__Image-text web data__.
###
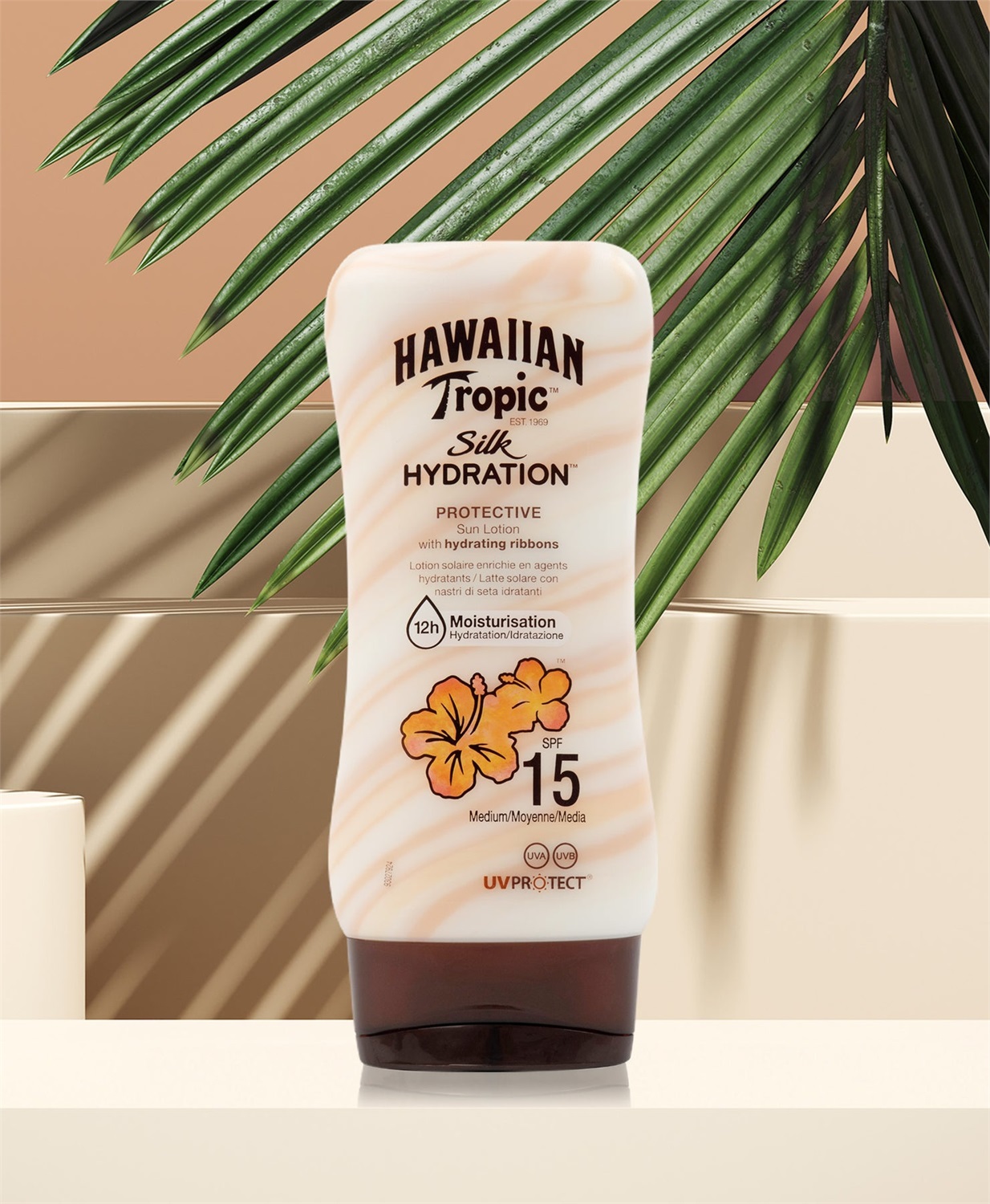 Hawaiian Tropic Silk Hydration Protective Sun Lotion SPF 15 - Lozione Solare Idratante 180 ml con Protezione UVA/UVB e Resistente all'Acqua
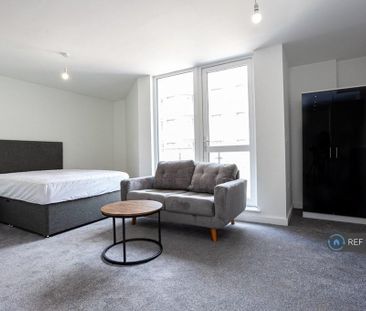 Studio to rent - Photo 5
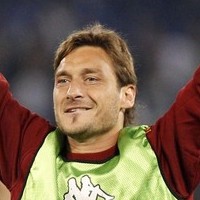 Totti Didenda, tapi Lolos Skorsing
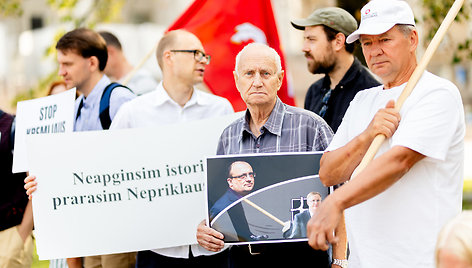 Protestas dėl Lietuvos gyventojų genocido ir rezistencijos tyrimų centro reformos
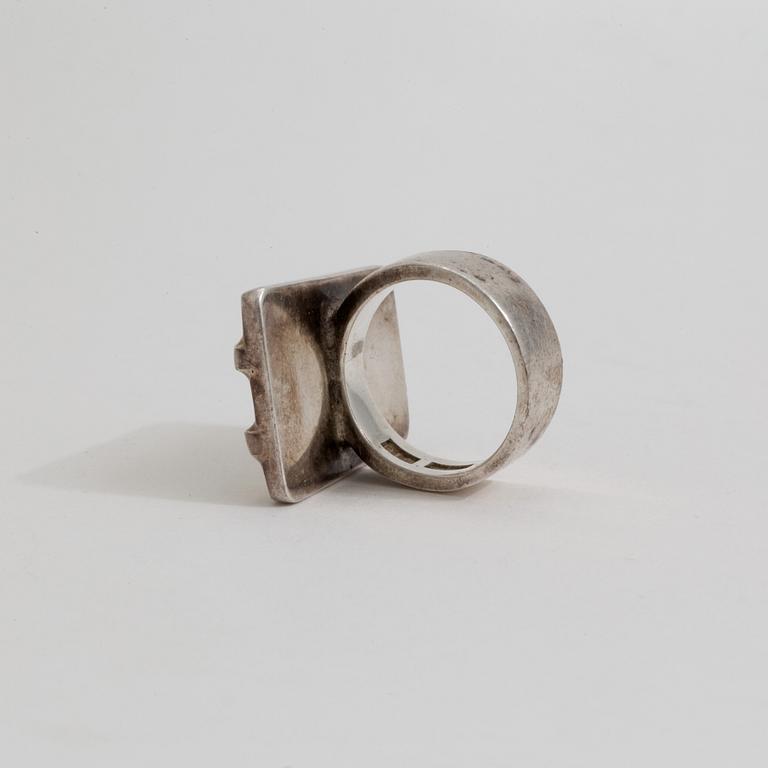 A ring by Sven Erik Högberg, Göteborg, 1994.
###
__EXERCISE DIRECTIONS__. Please transcribe all of the records above exactly, leaving out any pictures.

__SOLVED PROBLEM__.
 Hawaiian Tropic Silk Hydration Protective Sun Lotion SPF 15 - Lozione Solare Idratante 180 ml con Protezione UVA/UVB e Resistente all'Acqua
 Studio to rent - Photo 5
 Totti Didenda, tapi Lolos Skorsing
 Protestas dėl Lietuvos gyventojų genocido ir rezistencijos tyrimų centro reformos
 A ring by Sven Erik Högberg, Göteborg, 1994.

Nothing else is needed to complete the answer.